REQUIRED WORK
With the pictures omitted, write out all of the listing exactly.

*** INFORMATION SHOWN ***

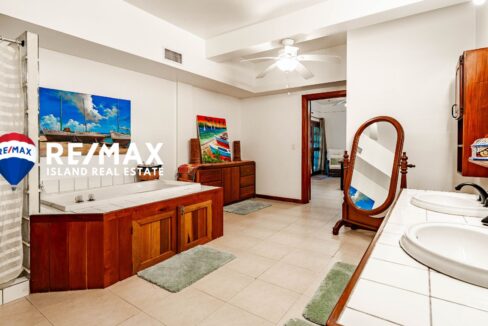 TRANQUILITY-BEACH-CLUB-UNIT-NO.-2-RESIZED-WATERMARKED-14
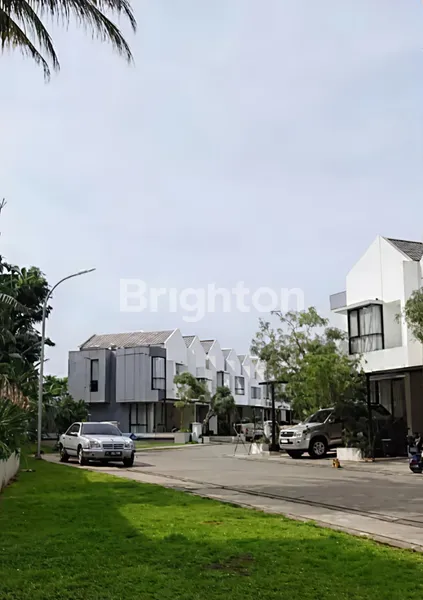 image RUMAH HOOK 2 LANTAI VIEW TAMAN DI GYAN RESIDENCE, CISAUK – NYAMAN & EKSKLUSIF (3)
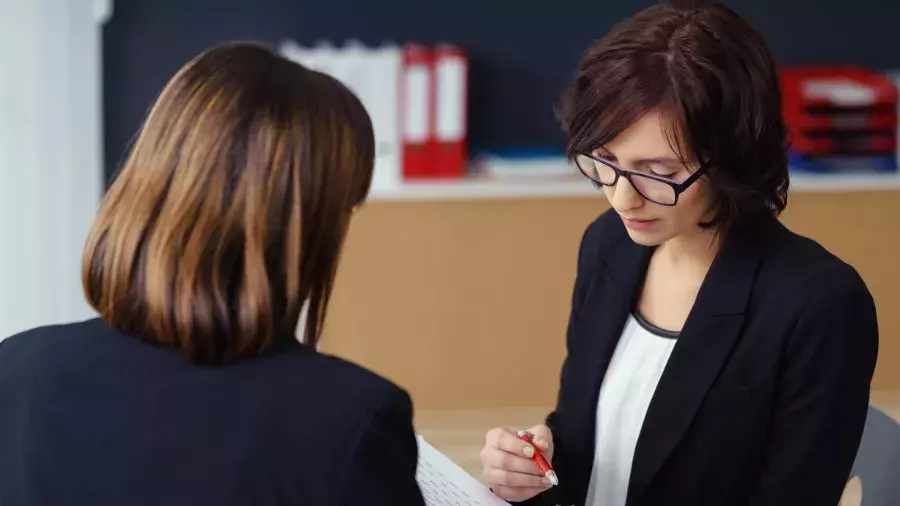 Colloquio tra due donne sedute in un ufficio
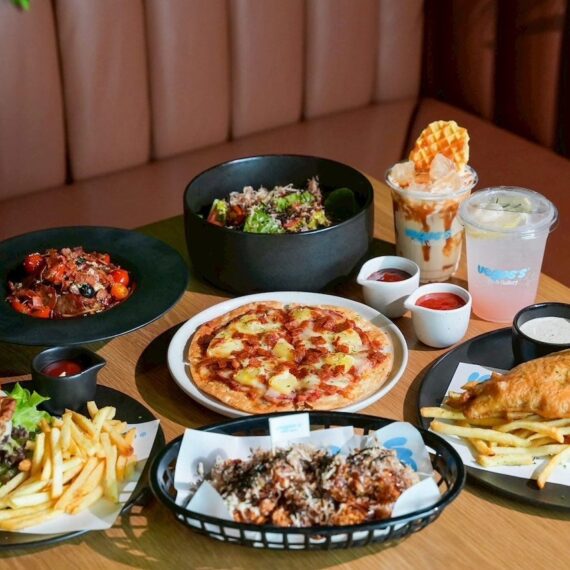 Vegas Cafe & Gallery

***

EXERCISE OUTPUT
 TRANQUILITY-BEACH-CLUB-UNIT-NO.-2-RESIZED-WATERMARKED-14
 image RUMAH HOOK 2 LANTAI VIEW TAMAN DI GYAN RESIDENCE, CISAUK – NYAMAN & EKSKLUSIF (3)
 Colloquio tra due donne sedute in un ufficio
 Vegas Cafe & Gallery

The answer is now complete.